Untar the attached file “arndale_clockread.tar.bz2” which is having Makefile and enableccnt.c. In Makefile change the “KERNELDIR” with your kernel source directory e.g. /usr/src/linux-kernel-version
then run the command.
linaro@linaro-server:~/enableccnt$ make
The above command should give output as enableccnt.ko
, which is kernel module to enable userspace access to PMU counters. Then run the command.
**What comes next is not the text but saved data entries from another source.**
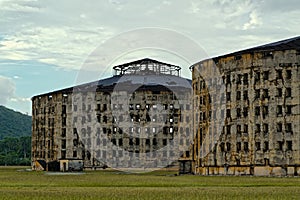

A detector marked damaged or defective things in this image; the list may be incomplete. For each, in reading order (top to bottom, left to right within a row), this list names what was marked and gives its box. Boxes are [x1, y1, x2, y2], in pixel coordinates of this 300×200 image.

rusty metal structure [31, 58, 191, 172]
rusty metal structure [188, 36, 300, 176]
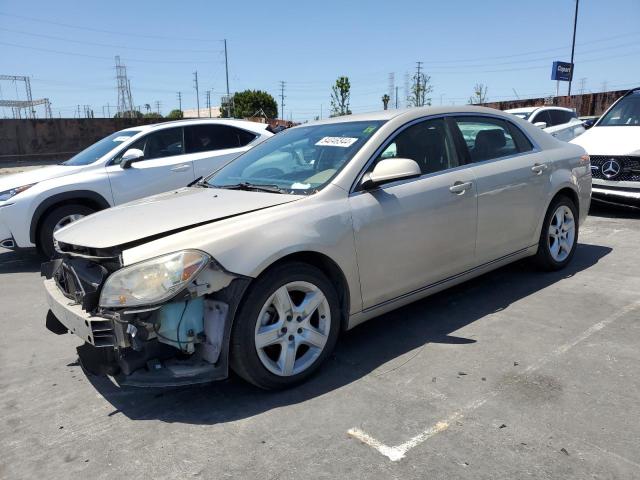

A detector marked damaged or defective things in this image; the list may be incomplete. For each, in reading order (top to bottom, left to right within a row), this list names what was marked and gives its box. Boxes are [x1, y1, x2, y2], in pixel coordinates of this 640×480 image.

crumpled hood [572, 125, 640, 156]
exposed headlight housing [0, 182, 35, 201]
crumpled hood [0, 164, 85, 192]
crumpled hood [55, 187, 302, 249]
exposed headlight housing [99, 251, 210, 308]
damaged front end [42, 244, 250, 386]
linaro@linaro-server:~/enableccnt$ sudo insmod enableccnt.ko
The following command should show enableccnt module is being inserted in the running kernel.
linaro@linaro-server:~/enableccnt$ lsmod
Step-2: Reading the counter from user space applications. Once the kernel module is being setup. Following function can be used to read the counter
static void readticks(unsigned int *result)
{
struct timeval t;
unsigned int cc;
if (!enabled) {
// program the performance-counter control-register:
asm volatile("mcr p15, 0, %0, c9, c12, 0" :: "r"(17));
//enable all counters.
asm volatile("mcr p15, 0, %0, c9, c12, 1" :: "r"(0x8000000f));
//clear overflow of coutners
asm volatile("mcr p15, 0, %0, c9, c12, 3" :: "r"(0x8000000f));
enabled = 1;
}
//read the counter value.
asm volatile("mrc p15, 0, %0, c9, c13, 0" : "=r"(cc));
gettimeofday(&t,(struct timezone *) 0);
result[0] = cc;
result[1] = t.tv_usec;
result[2] = t.tv_sec;
}
I believe this instruction should be working for any ARMv7
platforms. So, I followed the instruction and change the kernel source directory. This is how the Makefile looks like:
KERNELDIR := /usr/src/linux-headers-3.8.13-bone70
obj-m := enableccnt.o
CROSS=arm-linux-gnueabihf-
all:
CC=arm-cortex_a15-linux-gnueabihf-gcc $(MAKE) ARCH=arm -C $(KERNELDIR) M=`pwd` CROSS_COMPILE=$(CROSS) -I/lib/arm-linux-gnueabihf/lib
Now, when I run make
, I've got this error which is complaining about arm-linux-gnueabihf-ar
:
CC=arm-cortex_a08-linux-gnueabihf-gcc make ARCH=arm -C /usr/src/linux-headers-3.8.13-bone70 M=`pwd` CROSS_COMPILE=arm-linux-gnueabihf- -I/lib/arm-linux-gnueabihf/
make[1]: Entering directory `/usr/src/linux-headers-3.8.13-bone70'
LD /root/crypto_project/Arndale_enableccnt/built-in.o
/bin/sh: 1: arm-linux-gnueabihf-ar: not found
make[2]: *** [/root/crypto_project/Arndale_enableccnt/built-in.o] Error 127
make[1]: *** [_module_/root/crypto_project/Arndale_enableccnt] Error 2
make[1]: Leaving directory `/usr/src/linux-headers-3.8.13-bone70'
make: *** [all] Error 2
I tried to install arm-linux-gnueabihf-ar
but it doesn't work. So, I have no clue what should I do now!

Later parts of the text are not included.